No textbook is ever truly finished as it goes to press, and this one is no exception. Fortunately, the World-Wide Web gives authors a chance to continually provide updates. For the foreseeable future, the web site for this book will be at http://physics.weber.edu/thermal/. There you will find a variety of further information including a list of errors and corrections, platform-specific hints on solving problems requiring a computer, and additional references and links. You'll also find my e-mail address, to which you are welcome to send questions, comments, and suggestions.
It is a pleasure to thank the many people who have contributed to this project.
First there are the brilliant teachers who helped me learn thermal physics: Philip Wojak, Tom Moore, Bruce Thomas, and Michael Peskin. Tom and Michael have continued to teach me on a regular basis to this day, and I am sincerely grateful for these ongoing collaborations. In teaching thermal physics myself, I have especially depended on the insightful textbooks of Charles Kittel, Herbert Kroemer, and Keith Stowe.
As this manuscript developed, several brave colleagues helped by testing it in the classroom: Chuck Adler, Joel Cannon, Brad Carroll, Phil Fraundorf, Joseph Ganem, David Lowe, Juan Rodriguez, and Daniel Wilkins. I am indebted to each of them, and to their students, for enduring the many inconveniences of an unfinished textbook. I owe special thanks to my own students from seven years of teaching thermal physics at Grinnell College and Weber State University. I'm tempted to list all their names here, but instead let me choose just three to represent them all: Shannon Corona, Dan Dolan, and Mike Shay, whose questions pushed me to develop new approaches to important parts of the material.

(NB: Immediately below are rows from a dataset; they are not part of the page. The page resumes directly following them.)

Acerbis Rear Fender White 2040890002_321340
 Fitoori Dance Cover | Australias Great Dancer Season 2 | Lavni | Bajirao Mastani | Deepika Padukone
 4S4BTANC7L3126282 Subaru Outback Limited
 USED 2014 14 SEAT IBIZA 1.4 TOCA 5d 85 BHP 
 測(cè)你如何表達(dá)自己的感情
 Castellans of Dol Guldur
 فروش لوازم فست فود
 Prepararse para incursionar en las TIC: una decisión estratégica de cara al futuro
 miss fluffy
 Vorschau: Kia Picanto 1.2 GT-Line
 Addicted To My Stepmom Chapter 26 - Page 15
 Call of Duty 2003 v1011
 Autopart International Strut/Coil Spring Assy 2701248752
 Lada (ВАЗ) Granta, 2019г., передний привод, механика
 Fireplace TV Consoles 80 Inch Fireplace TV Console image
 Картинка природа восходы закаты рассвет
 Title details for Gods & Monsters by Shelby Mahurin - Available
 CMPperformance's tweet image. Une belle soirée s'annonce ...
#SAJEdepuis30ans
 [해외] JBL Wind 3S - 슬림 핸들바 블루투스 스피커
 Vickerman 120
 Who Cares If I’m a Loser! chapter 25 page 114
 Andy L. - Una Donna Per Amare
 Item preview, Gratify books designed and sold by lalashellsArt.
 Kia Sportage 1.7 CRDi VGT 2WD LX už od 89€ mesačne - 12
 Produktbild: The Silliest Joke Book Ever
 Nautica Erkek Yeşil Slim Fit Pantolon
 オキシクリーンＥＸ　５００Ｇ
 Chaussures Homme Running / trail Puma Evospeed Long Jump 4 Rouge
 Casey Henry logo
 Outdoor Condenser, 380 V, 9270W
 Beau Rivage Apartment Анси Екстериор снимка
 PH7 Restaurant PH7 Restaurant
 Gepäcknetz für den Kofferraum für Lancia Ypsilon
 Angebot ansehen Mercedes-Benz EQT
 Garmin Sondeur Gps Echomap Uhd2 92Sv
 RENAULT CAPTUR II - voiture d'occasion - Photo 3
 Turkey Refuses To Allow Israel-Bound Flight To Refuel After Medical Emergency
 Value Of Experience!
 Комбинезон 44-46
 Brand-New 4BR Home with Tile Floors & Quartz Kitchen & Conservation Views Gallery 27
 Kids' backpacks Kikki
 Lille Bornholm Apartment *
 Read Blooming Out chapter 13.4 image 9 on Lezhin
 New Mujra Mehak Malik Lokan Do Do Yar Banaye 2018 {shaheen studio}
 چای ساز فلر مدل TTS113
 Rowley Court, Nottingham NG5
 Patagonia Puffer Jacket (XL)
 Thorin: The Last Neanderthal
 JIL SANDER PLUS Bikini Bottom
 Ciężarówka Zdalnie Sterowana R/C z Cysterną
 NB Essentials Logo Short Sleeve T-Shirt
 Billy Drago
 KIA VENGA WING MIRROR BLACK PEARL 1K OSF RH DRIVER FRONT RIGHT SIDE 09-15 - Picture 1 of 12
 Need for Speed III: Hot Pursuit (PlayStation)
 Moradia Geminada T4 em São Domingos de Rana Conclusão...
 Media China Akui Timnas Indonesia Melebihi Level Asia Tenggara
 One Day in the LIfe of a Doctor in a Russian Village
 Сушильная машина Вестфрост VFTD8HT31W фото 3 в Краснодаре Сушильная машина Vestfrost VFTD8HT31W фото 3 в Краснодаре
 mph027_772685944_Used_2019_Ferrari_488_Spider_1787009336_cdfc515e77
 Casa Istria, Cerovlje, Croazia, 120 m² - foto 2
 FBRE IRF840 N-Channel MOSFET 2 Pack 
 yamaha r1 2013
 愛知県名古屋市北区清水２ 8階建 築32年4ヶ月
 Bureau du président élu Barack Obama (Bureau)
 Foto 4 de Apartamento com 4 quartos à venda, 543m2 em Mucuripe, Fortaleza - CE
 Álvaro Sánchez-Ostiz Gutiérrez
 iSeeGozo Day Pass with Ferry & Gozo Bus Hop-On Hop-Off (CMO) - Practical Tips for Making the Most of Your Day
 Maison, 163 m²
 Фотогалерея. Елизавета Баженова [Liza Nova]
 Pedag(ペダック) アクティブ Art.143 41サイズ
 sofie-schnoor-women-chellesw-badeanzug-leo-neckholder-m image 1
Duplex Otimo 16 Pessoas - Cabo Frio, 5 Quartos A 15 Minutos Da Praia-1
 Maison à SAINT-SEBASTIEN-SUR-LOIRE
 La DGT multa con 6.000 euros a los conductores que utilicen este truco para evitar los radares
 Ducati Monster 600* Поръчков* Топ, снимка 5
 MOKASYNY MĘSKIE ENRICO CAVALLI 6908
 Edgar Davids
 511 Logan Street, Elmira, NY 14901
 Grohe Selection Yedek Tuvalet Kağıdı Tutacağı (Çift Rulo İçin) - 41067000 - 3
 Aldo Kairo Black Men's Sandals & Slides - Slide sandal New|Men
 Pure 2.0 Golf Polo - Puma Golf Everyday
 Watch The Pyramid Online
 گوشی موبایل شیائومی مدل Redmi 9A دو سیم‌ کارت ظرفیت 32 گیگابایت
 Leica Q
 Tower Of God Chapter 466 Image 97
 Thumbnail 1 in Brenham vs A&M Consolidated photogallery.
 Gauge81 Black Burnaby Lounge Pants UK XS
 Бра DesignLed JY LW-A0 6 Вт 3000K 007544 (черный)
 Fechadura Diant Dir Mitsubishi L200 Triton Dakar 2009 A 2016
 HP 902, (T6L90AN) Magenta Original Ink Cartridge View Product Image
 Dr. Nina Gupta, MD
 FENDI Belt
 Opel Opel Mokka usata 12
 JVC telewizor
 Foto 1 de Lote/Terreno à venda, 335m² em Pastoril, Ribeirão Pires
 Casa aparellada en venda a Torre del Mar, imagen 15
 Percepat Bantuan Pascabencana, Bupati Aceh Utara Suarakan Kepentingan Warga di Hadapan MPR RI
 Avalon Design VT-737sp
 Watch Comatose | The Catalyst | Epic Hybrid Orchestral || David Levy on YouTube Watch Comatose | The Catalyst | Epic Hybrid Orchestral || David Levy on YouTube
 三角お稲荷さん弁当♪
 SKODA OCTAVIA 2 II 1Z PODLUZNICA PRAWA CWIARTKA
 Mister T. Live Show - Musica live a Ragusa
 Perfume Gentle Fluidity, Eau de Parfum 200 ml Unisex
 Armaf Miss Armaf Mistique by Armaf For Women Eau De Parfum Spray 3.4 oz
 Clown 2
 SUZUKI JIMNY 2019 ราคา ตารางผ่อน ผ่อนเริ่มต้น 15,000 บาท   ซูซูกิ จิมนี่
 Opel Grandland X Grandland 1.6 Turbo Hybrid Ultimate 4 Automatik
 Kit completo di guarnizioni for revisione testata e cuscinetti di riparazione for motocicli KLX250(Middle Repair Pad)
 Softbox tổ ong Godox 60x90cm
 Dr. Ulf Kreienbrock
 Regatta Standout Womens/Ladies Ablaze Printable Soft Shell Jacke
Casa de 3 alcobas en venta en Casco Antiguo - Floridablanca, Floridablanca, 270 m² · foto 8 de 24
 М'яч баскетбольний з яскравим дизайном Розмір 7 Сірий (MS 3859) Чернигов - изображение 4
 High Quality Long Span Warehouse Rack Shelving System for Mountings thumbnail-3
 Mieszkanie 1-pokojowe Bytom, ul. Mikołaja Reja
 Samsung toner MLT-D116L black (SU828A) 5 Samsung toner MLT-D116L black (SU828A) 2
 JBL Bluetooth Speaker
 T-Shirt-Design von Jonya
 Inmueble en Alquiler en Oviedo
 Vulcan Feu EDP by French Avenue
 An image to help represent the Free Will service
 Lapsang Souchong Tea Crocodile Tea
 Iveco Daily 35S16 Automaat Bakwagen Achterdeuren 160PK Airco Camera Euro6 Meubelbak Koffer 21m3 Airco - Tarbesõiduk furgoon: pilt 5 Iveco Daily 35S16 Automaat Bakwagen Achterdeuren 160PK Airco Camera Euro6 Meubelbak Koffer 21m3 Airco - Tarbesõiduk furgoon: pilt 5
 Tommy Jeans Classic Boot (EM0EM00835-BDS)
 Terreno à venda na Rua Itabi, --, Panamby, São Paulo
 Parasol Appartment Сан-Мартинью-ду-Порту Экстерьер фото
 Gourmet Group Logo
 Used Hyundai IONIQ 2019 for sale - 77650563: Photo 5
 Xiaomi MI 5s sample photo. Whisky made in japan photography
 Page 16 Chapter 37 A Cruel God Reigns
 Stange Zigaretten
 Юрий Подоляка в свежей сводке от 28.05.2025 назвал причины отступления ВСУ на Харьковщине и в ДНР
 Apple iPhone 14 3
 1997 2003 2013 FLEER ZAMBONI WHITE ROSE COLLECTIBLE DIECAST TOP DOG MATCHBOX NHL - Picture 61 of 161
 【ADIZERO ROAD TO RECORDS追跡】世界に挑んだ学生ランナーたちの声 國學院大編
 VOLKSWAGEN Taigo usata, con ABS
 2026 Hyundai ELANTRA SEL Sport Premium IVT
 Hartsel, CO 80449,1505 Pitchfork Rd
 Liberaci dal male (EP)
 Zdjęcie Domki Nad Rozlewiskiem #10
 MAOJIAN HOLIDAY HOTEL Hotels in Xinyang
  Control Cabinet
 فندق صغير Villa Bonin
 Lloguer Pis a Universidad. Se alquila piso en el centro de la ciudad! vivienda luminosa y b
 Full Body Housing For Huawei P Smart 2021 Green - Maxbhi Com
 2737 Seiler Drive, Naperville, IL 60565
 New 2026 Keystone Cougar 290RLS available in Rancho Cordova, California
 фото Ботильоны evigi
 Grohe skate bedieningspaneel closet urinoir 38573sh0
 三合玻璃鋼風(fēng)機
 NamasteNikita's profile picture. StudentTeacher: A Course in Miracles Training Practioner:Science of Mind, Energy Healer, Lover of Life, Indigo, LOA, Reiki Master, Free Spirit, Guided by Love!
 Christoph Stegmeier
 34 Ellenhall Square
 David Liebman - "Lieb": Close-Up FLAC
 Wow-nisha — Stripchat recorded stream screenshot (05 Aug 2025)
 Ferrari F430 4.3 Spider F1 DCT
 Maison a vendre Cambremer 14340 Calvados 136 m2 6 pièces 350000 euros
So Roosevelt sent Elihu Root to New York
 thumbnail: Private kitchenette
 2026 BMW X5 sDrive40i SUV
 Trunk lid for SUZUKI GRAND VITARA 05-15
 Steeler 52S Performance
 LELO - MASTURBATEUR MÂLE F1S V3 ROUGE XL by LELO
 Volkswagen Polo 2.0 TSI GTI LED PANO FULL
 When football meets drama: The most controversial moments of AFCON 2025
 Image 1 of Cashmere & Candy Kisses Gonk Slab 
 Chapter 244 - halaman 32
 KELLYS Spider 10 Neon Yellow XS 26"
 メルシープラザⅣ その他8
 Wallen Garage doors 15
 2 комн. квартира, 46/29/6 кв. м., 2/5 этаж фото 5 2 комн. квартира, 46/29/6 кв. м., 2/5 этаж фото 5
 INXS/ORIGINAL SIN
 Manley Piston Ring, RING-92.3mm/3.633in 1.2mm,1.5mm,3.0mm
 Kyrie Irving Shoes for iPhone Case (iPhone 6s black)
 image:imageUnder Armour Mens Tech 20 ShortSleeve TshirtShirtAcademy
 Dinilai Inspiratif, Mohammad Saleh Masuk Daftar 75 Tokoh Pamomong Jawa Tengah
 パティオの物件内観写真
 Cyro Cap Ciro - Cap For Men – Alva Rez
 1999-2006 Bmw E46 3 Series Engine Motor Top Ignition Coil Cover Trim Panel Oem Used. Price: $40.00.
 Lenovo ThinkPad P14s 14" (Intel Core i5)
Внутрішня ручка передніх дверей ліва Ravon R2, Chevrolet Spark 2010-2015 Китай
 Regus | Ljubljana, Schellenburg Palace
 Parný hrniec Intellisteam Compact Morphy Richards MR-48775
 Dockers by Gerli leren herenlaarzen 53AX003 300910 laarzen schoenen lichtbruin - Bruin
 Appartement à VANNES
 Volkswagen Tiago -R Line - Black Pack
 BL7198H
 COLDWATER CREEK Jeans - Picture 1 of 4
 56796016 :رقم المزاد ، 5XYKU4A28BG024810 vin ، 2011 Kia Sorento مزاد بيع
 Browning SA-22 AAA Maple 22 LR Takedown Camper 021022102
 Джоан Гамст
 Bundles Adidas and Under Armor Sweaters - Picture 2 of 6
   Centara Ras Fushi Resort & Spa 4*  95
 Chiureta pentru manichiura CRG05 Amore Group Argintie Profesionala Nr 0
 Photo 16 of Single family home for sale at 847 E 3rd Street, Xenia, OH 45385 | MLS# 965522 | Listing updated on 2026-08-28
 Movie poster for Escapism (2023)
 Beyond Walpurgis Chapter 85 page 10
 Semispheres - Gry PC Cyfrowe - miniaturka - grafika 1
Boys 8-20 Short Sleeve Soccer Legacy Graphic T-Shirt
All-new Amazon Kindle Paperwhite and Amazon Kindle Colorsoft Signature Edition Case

Others who generously took the time to read and comment on early drafts of the manuscript were Elise Albert, W. Ariyasinghe, Charles Ebner, Alexander Fetter, Harvey Gould, Ying-Cheng Lai, Tom Moore, Robert Pelcovits, Michael Peskin, Andrew Rutenberg, Daniel Styer, and Larry Tankersley. Farhang Amiri, Lee Badger, and Adolph Yonkee provided essential feedback on individual chapters, while Colin Inglefield, Daniel Pierce, Spencer Seager, and John Sohl provided expert assistance with specific technical issues. Karen Thurber drew the magician and rabbit for Figures 1.15, 5.1, and 5.8. I am grateful to all of these individuals, and to the dozens of others who have answered questions, pointed to references, and given permission to reproduce their work.
I thank the faculty, staff, and administration of Weber State University, for providing support in a multitude of forms, and especially for creating an environment in which textbook writing is valued and encouraged.
It has been a pleasure to work with my editorial team at Addison Wesley Longman, especially Sami Iwata, whose confidence in this project has always exceeded my own, and Joan Marsh and Lisa Weber, whose expert advice has improved the appearance of every page.
In the space where most authors thank their immediate families, I would like to thank my family of friends, especially Deb, Jock, John, Lyall, Satoko, and Suzanne. Their encouragement and patience have been unlimited.